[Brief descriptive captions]

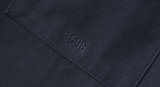 ダブルユーブイプロジェクト(WV PROJECT) Vertical Line Short Sleeve Shirt Navy JISS7501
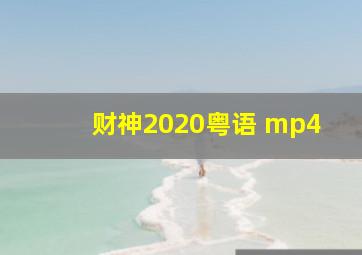 财神2020粤语 mp4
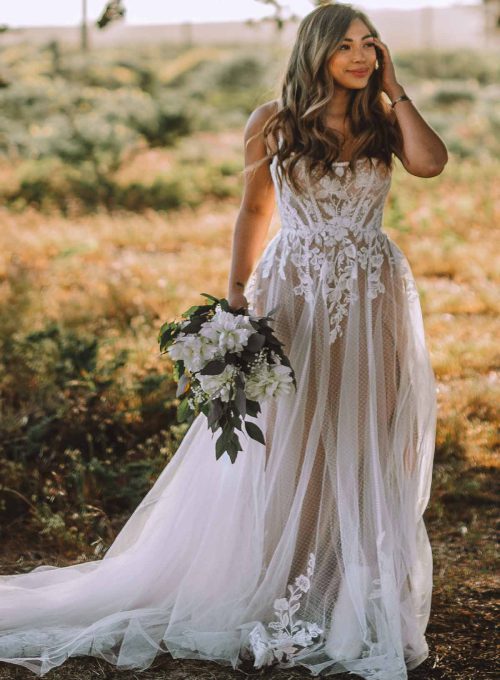 Breezy Spring Wedding Dresses for 30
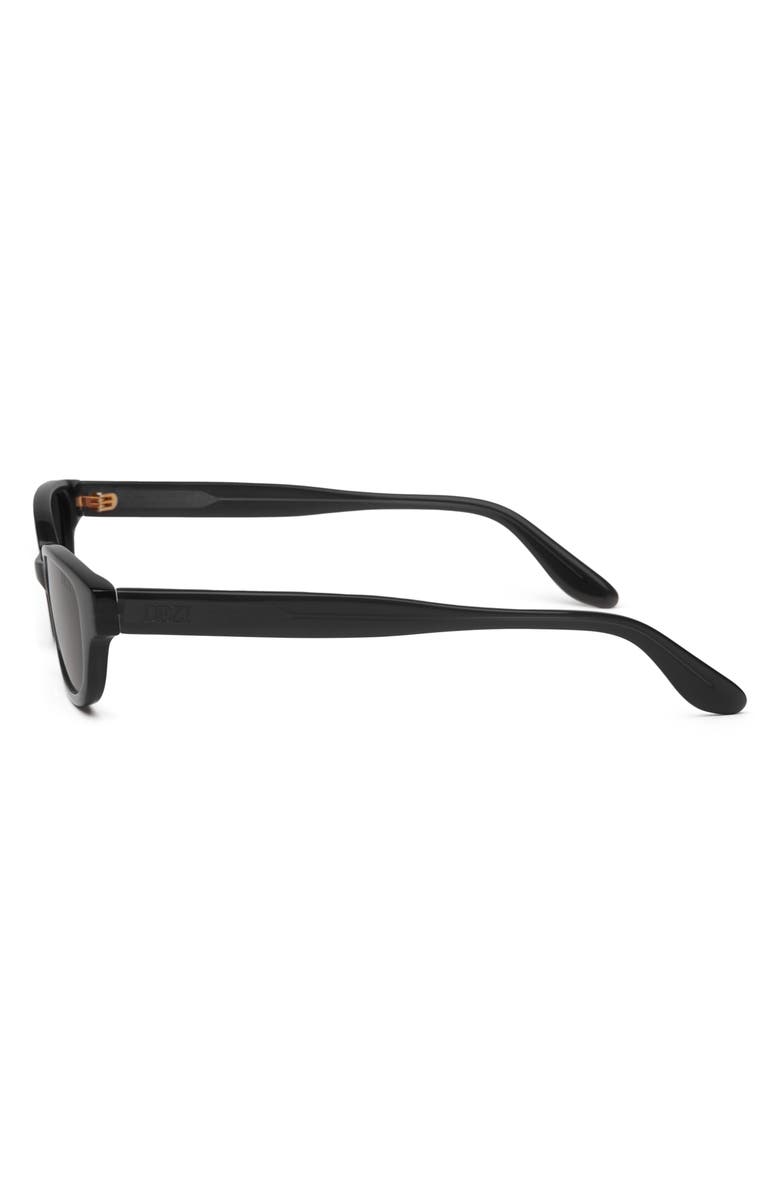 DEZI Gia Rectangular Gradient Sunglasses, Alternate, color, Gia Black / Brown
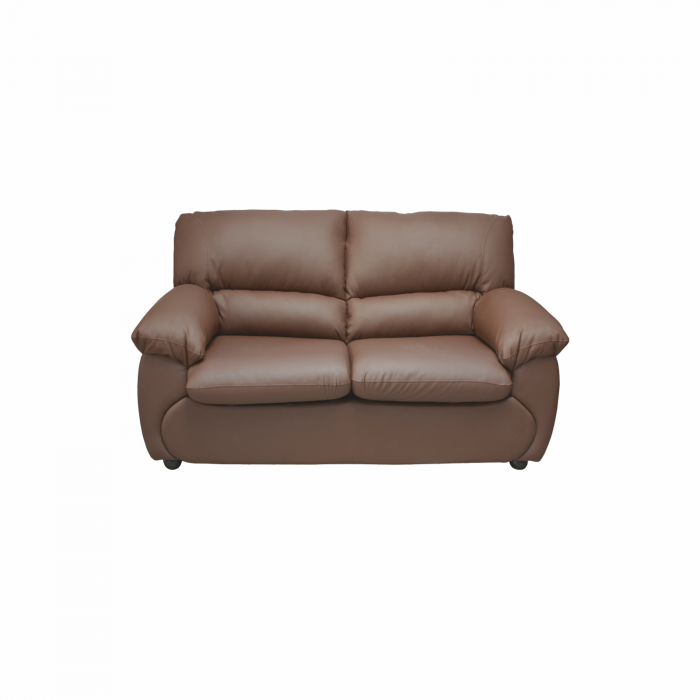 Canapea extensibila LUXOR 2L, 2 locuri, maro inchis, 171x95x95 cm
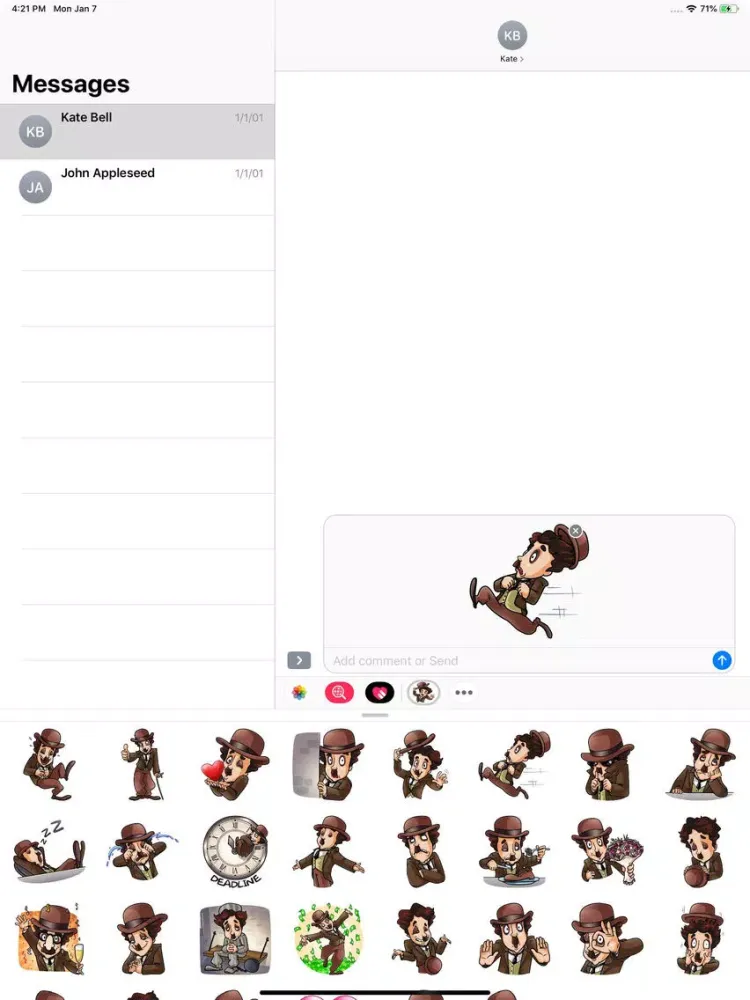 تصاویر Joker Hat Stickers Pack iPad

Work required: With the pictures removed, please retype each record exactly.

Result of this task:
 ダブルユーブイプロジェクト(WV PROJECT) Vertical Line Short Sleeve Shirt Navy JISS7501
 财神2020粤语 mp4
 Breezy Spring Wedding Dresses for 30
 DEZI Gia Rectangular Gradient Sunglasses, Alternate, color, Gia Black / Brown
 Canapea extensibila LUXOR 2L, 2 locuri, maro inchis, 171x95x95 cm
 تصاویر Joker Hat Stickers Pack iPad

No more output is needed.